Se o segundo Governo Passos Coelho findar depressa, terá, no meu entender, a sorte que merece. É, ao fim e ao cabo, uma mera continuação do primeiro, que foi recusado nas urnas pela maioria dos portugueses. O executivo que cessa funções quebrou consensos que existiam, como por exemplo aquele que unia os portugueses em prol do fortalecimento do sistema nacional de ciência. Não penso aliás que Passos Coelho tenha feito tudo o que estava ao seu alcance para obter acordos à esquerda em matérias em que eles eram altamente desejáveis. Na carta que escreveu ao PS com propostas avulsas, não incluiu o recuo na inacreditável “poda” de 50% que fez na rede de ciência e tecnologia, baseada numa avaliação eivada de erros que Nuno Crato lamentavelmente caucionou. E houve enormes “podas” noutros domínios vitais para o país. Nem antes nem depois das eleições Passos Coelho admitiu ceder de forma significativa no seu programa ultra-austeritário, que afectou negativamente a ciência e a educação, mas também a saúde e a justiça. Foi ele aliás que disse que as duas principais propostas nas eleições eram muito distintas, sendo "importante apostar num resultado que dê maioria absoluta, mesmo que seja ao PS” (Jornal de Negócios, 23/7/2015). Agora dá a ideia de que se prepara para ser oposição, esperando uma eventual convocação de eleições pelo próximo Presidente da República.

Basta olhar para a composição do novo Governo para verificar que o futuro ex-primeiro-ministro, acastelado no seu reduto, não quer mudar praticamente nada. Deixou incólume o núcleo duro da anterior governação, incluindo o “irrevogável” vice-primeiro-ministro. Dos 17 novos ministros, 12 eram antes ministros ou secretários de Estado. São, na maior parte, militantes partidários, e os que não são circulam em órbitas do PSD e CDS. Não vejo em que é que este Governo é melhor do que o anterior, que já tinha muitas debilidades. Era preciso um elã que as eleições não deram.

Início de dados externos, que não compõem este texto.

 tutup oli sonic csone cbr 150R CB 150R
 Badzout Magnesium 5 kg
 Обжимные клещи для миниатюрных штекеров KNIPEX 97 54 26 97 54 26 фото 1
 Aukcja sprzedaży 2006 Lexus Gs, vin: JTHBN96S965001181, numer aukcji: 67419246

Entre os promovidos e os novatos, alguns nomes surpreenderam-me. Há sempre alguém para ministro. Ocorreu-me O Conde de Abranhos, a novela satírica de Eça de Queirós, em que o principal personagem é o Conde, poeta amador, que entra num governo por pouco tempo como ministro da Marinha. O ministro Abranhos torna-se um estadista que a pátria teima em reconhecer. A quem o emendou na Câmara assinalando que Moçambique não ficava na costa ocidental de África, mas sim na costa oriental, respondeu: “– Que fique na costa ocidental ou na costa oriental, nada tira o que seja à doutrina que estabeleço. Os regulamentos não mudam com as latitudes!” Escreve Eça, ou melhor Z. Zagalo, o secretário e confidente do Conde: “Esta réplica vem mais uma vez provar que o Conde se ocupava sobretudo de ideias gerais, dignas do seu grande espírito, e não se demorava nessa verificação microscópica de detalhes práticos, que preocupam os espíritos subalternos.” Ainda há Condes de Abranhos.